_What the task asks_: The output should match, line for line, the records from the line containing "DIY Alphabet Dog Name Collar Accessory" through the line containing "Bijan With A", with every picture left out.

_Exercise inputs_:
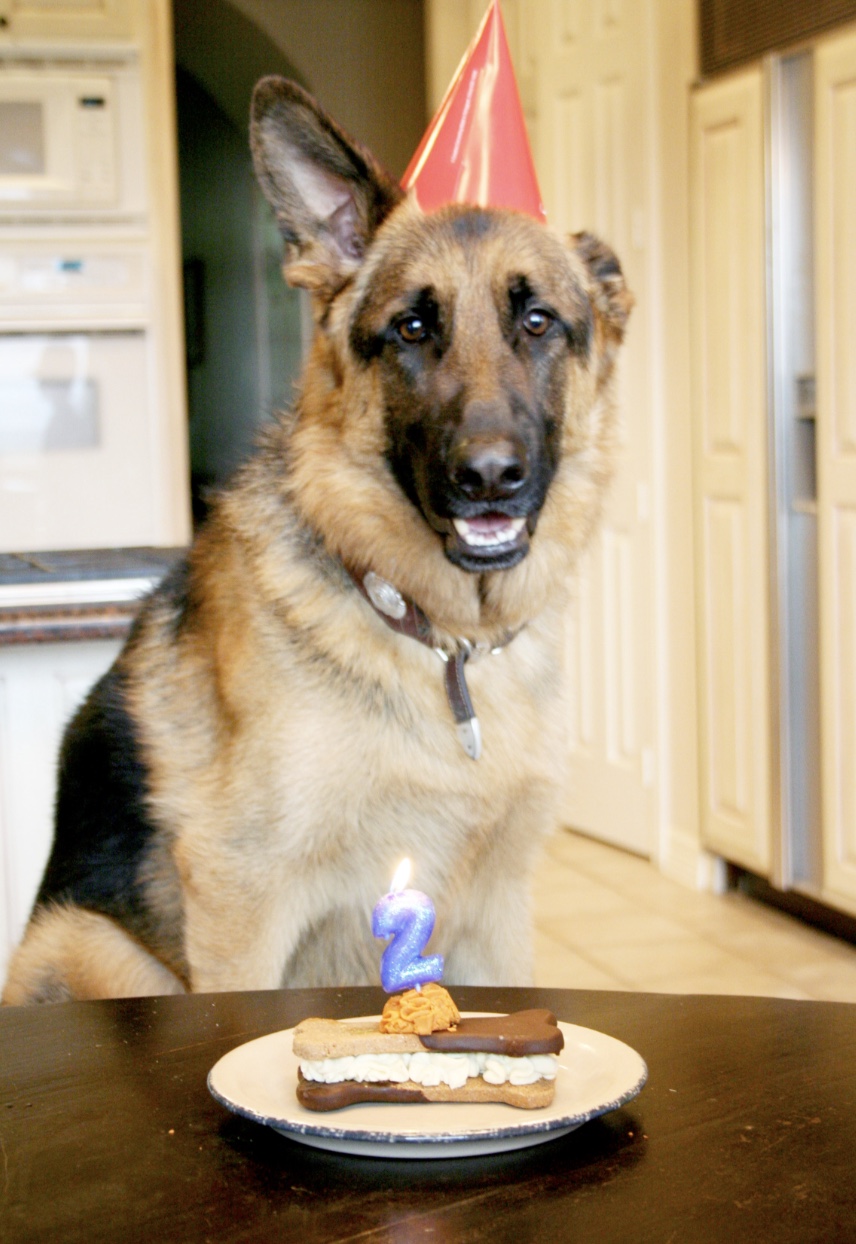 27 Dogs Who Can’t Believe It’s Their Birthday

---

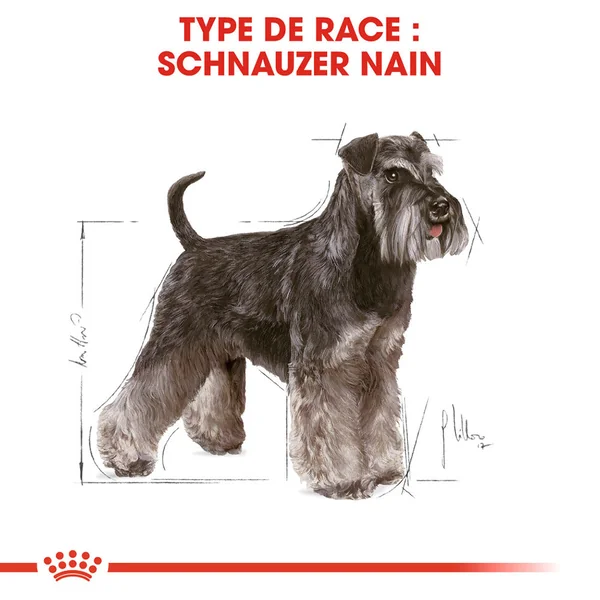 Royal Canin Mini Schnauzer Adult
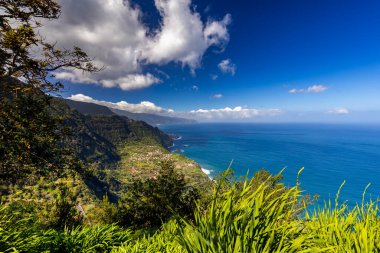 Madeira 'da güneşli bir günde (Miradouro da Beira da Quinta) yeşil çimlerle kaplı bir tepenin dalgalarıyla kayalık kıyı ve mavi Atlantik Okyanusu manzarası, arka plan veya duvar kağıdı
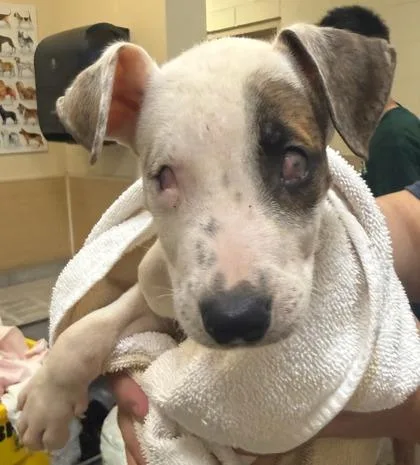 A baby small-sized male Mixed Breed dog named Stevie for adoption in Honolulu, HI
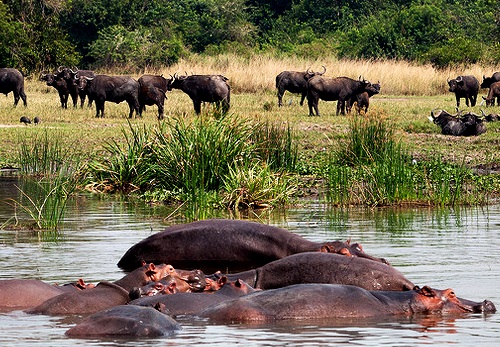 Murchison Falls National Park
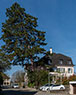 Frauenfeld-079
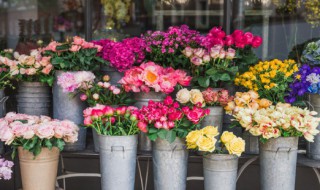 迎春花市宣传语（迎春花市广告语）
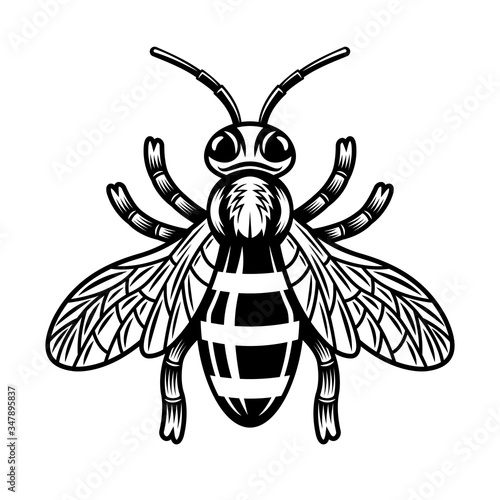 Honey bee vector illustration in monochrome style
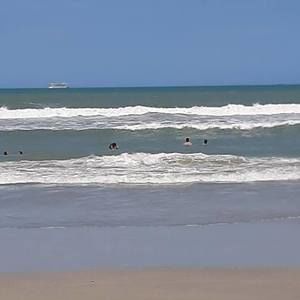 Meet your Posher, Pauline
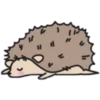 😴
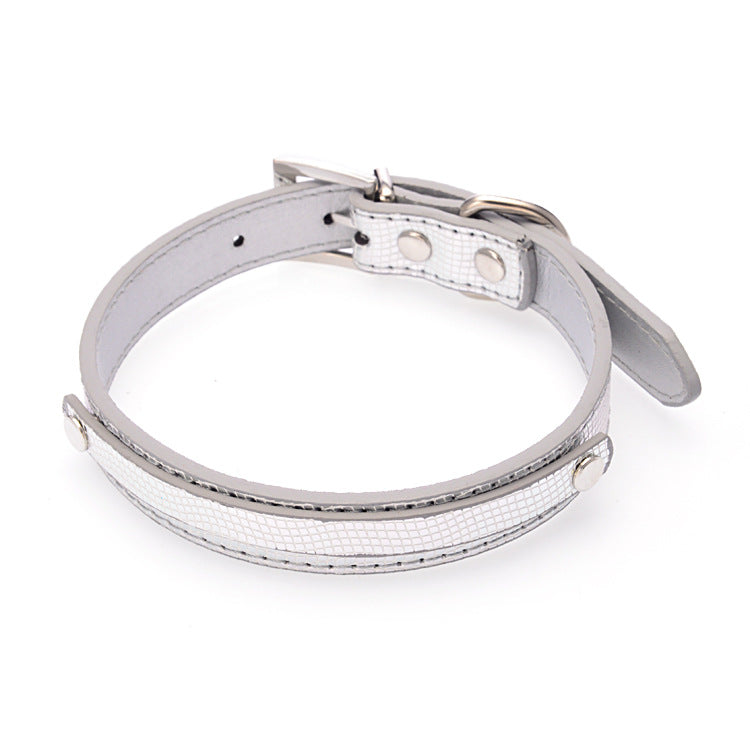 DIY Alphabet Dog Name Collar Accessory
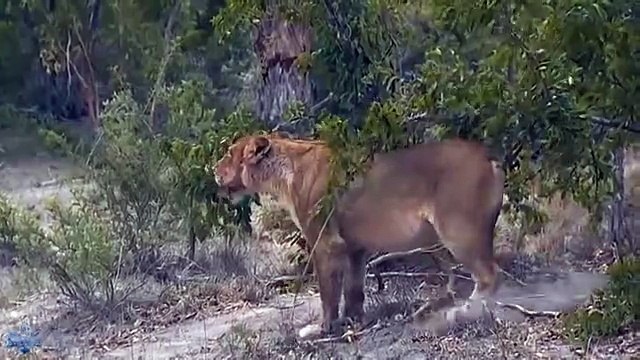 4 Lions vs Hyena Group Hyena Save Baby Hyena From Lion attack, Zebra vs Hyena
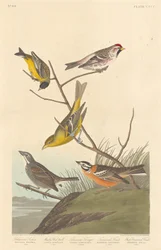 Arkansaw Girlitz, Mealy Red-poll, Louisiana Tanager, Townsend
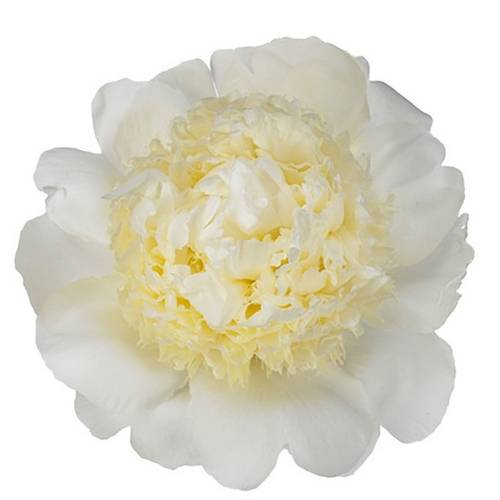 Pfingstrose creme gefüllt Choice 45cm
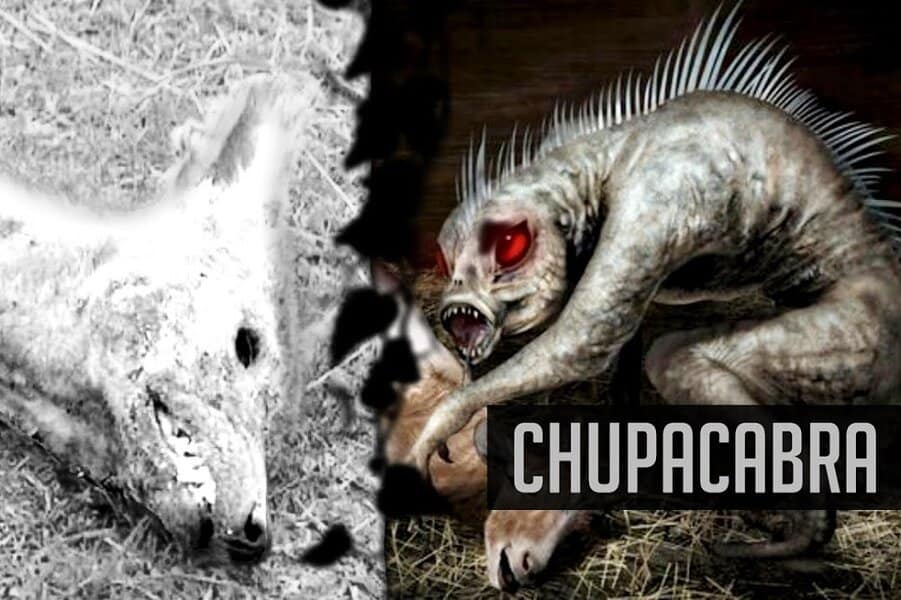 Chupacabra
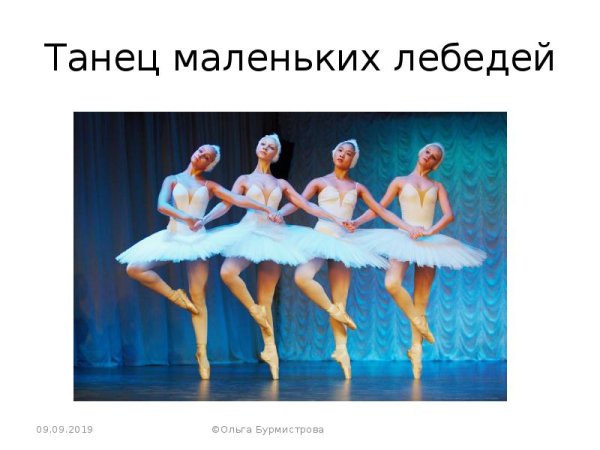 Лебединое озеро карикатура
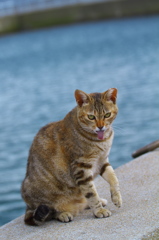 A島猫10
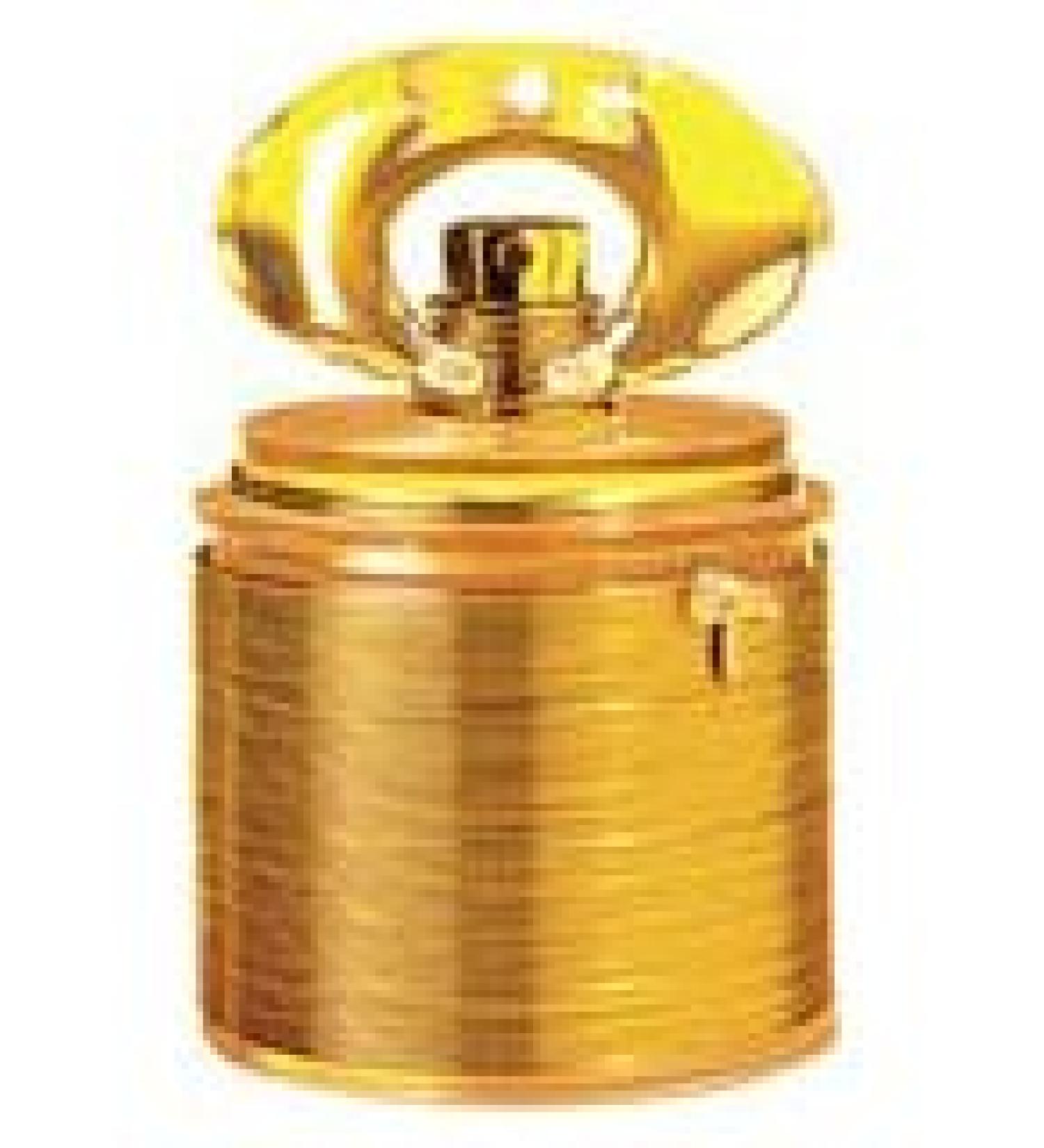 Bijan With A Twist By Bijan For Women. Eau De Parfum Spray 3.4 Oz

==

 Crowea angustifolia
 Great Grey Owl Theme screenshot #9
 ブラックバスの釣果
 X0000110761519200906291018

_Completed exercise_:
 DIY Alphabet Dog Name Collar Accessory
 4 Lions vs Hyena Group Hyena Save Baby Hyena From Lion attack, Zebra vs Hyena
 Arkansaw Girlitz, Mealy Red-poll, Louisiana Tanager, Townsend
 Pfingstrose creme gefüllt Choice 45cm
 Chupacabra
 Лебединое озеро карикатура
 A島猫10
 Bijan With A Twist By Bijan For Women. Eau De Parfum Spray 3.4 Oz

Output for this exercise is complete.